▶ [YOUR ASSIGNMENT]
Quote the entries word for word. Omit the pictures.

(Collection entries)
---------------
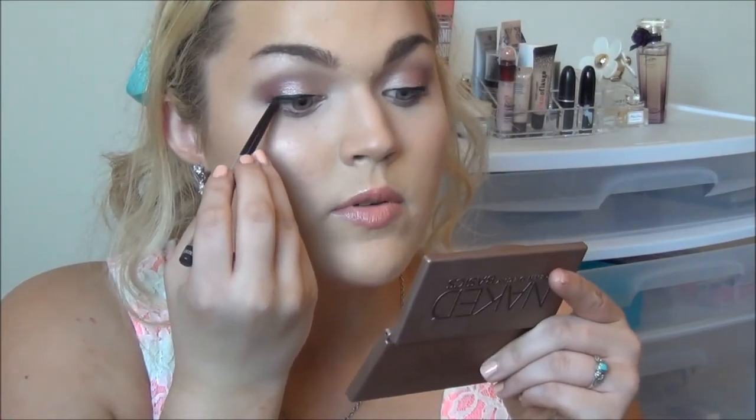For lips I'm using Revlon Kissable Balm Stain in Cherish, putting that all over the lips. Next I'm using NYX lip gloss in Nude Peach, applying it in the center and working my way out. Now that the cheeks and lips are done, I'm going to tightline my upper lash line using the Buxom Insider Eyeliner in Chocolate. You don't need this specific one — any drugstore brown eyeliner would do — and I'm just lightly pressing it into my upper waterline.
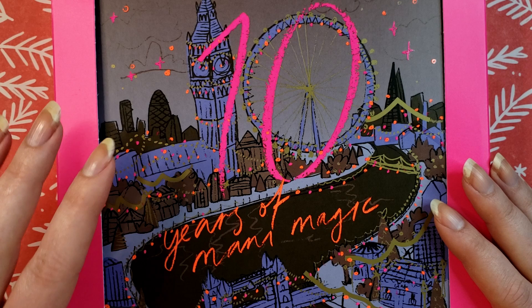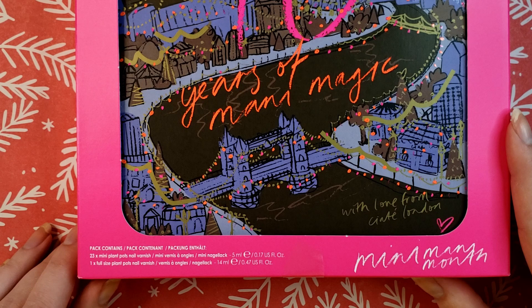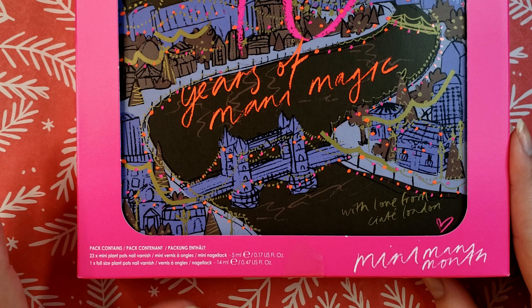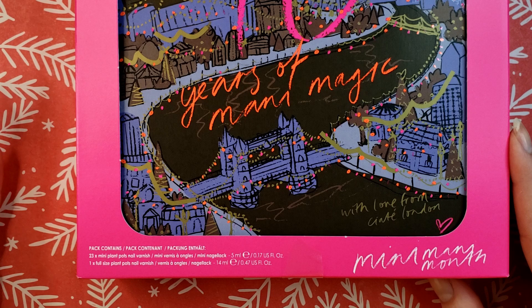Real quick before I crack into this — the pre-sale went up in October and it cost $69. I did use a coupon so mine was a little bit less. The contents say right here at the bottom: there are 23 mini plant pot nail polishes and one full size polish. The last two years they included 22 minis and then some kind of makeup item from the Ciate line — one year it was a lip gloss, then the next year it was a primer.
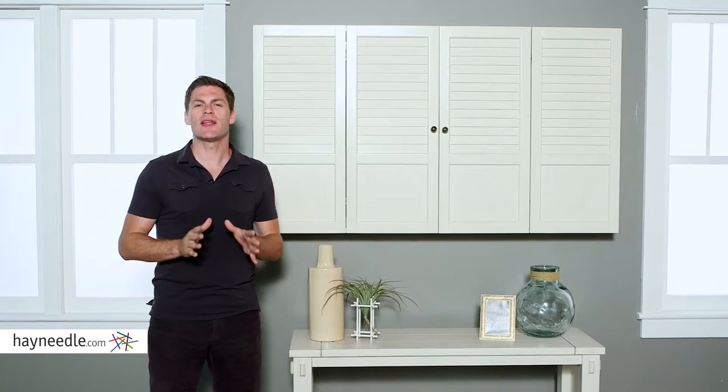Hi, I'm Mark with Hayneedle. A great way to up the style in your TV area is by putting your television in a stylish cabinet. So let's check out the Bellum Living Nantucket wall cabinet.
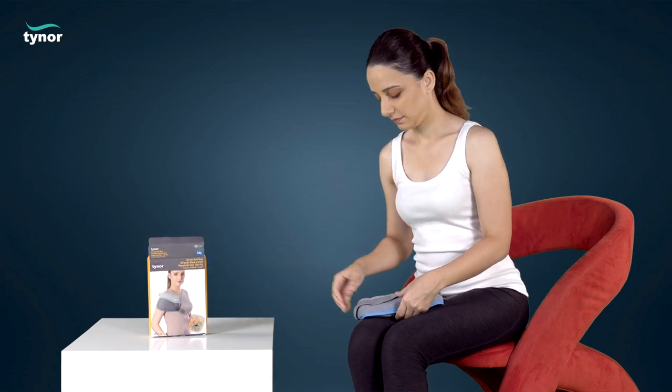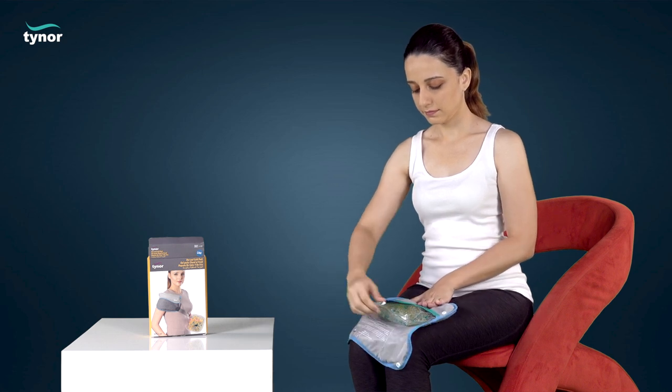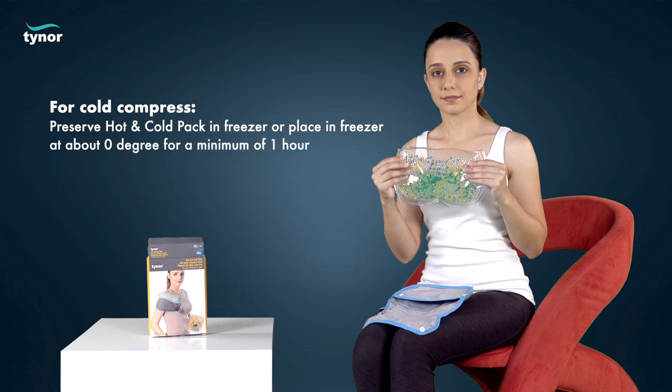Remove the hot and cold pack from its pouch to make it cool or hot. For cold compress, preserve the hot and cold pack in the freezer, or place it in the freezer at about zero degrees for a minimum of one hour.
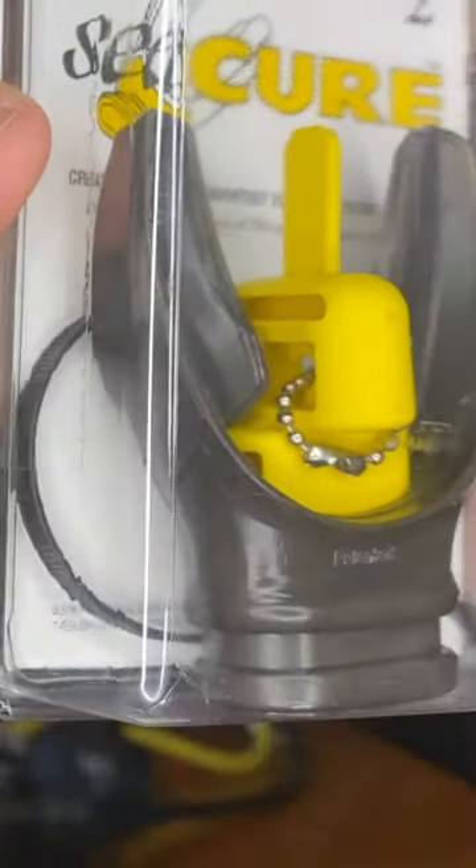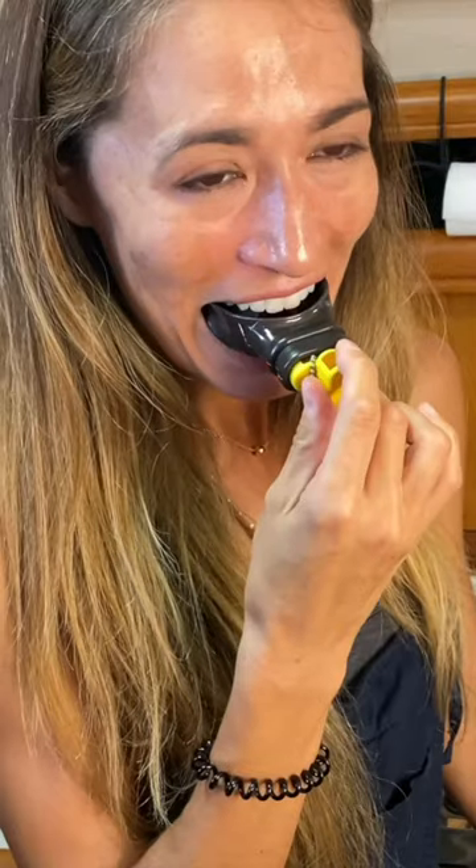This is a moldable mouth guard. You actually dip it in hot water, then put it in your mouth just like you would with an athletic mouth guard.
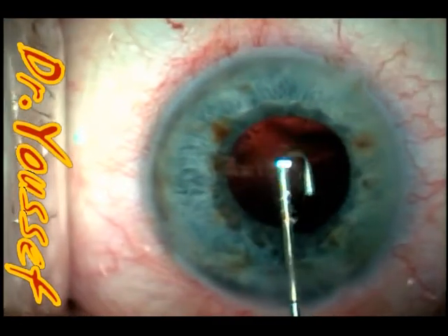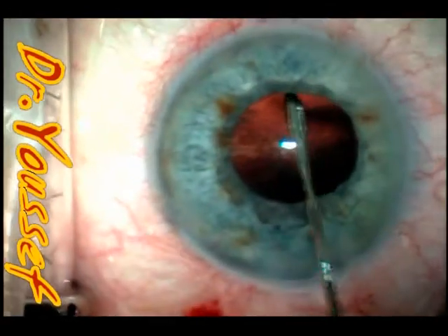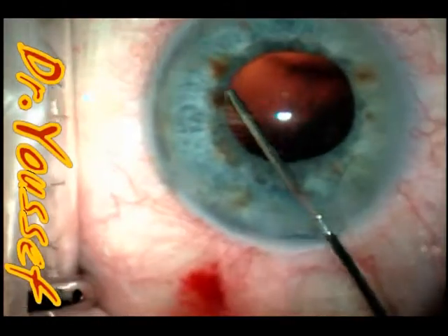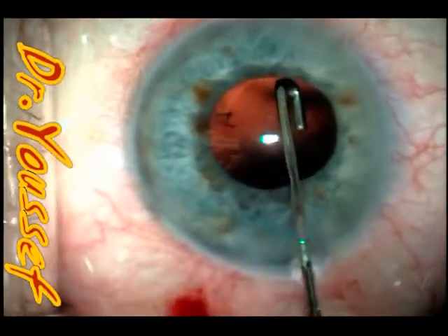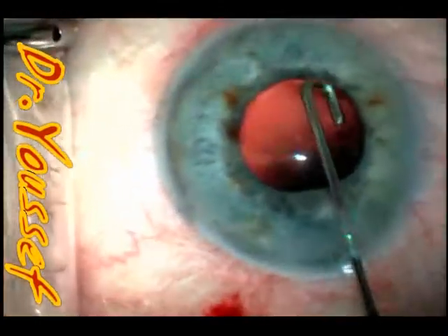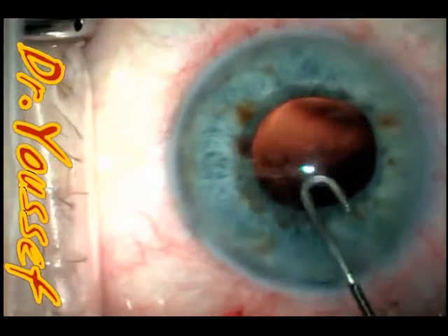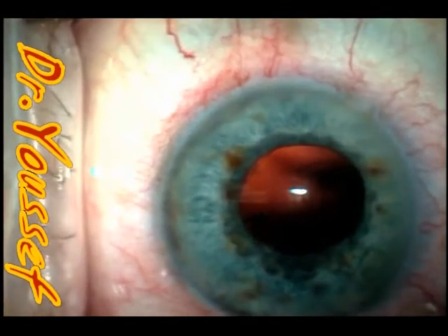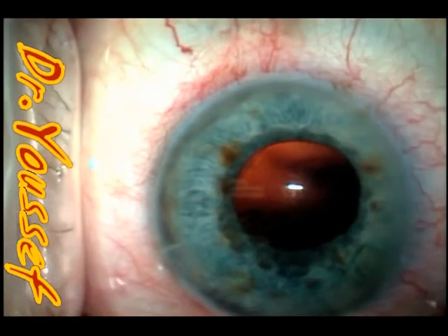You can see the edge of the capsulorhexis very close to the pupil edge. The nice thing about the J-cannula is that you can clean the capsule blindly — without seeing or risking capturing the areas underneath the pupil. But be cautious using the J-cannula in small pupil cases, especially if it's an IFAS case — iris prolapse is very easy to happen. In these cases I press a little on the wound to let the fluid come out of the eye without pushing the iris through the wound.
---------------
▶ [RESPONSE]
For lips I'm using Revlon Kissable Balm Stain in Cherish, putting that all over the lips. Next I'm using NYX lip gloss in Nude Peach, applying it in the center and working my way out. Now that the cheeks and lips are done, I'm going to tightline my upper lash line using the Buxom Insider Eyeliner in Chocolate. You don't need this specific one — any drugstore brown eyeliner would do — and I'm just lightly pressing it into my upper waterline.
Real quick before I crack into this — the pre-sale went up in October and it cost $69. I did use a coupon so mine was a little bit less. The contents say right here at the bottom: there are 23 mini plant pot nail polishes and one full size polish. The last two years they included 22 minis and then some kind of makeup item from the Ciate line — one year it was a lip gloss, then the next year it was a primer.
Hi, I'm Mark with Hayneedle. A great way to up the style in your TV area is by putting your television in a stylish cabinet. So let's check out the Bellum Living Nantucket wall cabinet.
Remove the hot and cold pack from its pouch to make it cool or hot. For cold compress, preserve the hot and cold pack in the freezer, or place it in the freezer at about zero degrees for a minimum of one hour.
This is a moldable mouth guard. You actually dip it in hot water, then put it in your mouth just like you would with an athletic mouth guard.
You can see the edge of the capsulorhexis very close to the pupil edge. The nice thing about the J-cannula is that you can clean the capsule blindly — without seeing or risking capturing the areas underneath the pupil. But be cautious using the J-cannula in small pupil cases, especially if it's an IFAS case — iris prolapse is very easy to happen. In these cases I press a little on the wound to let the fluid come out of the eye without pushing the iris through the wound.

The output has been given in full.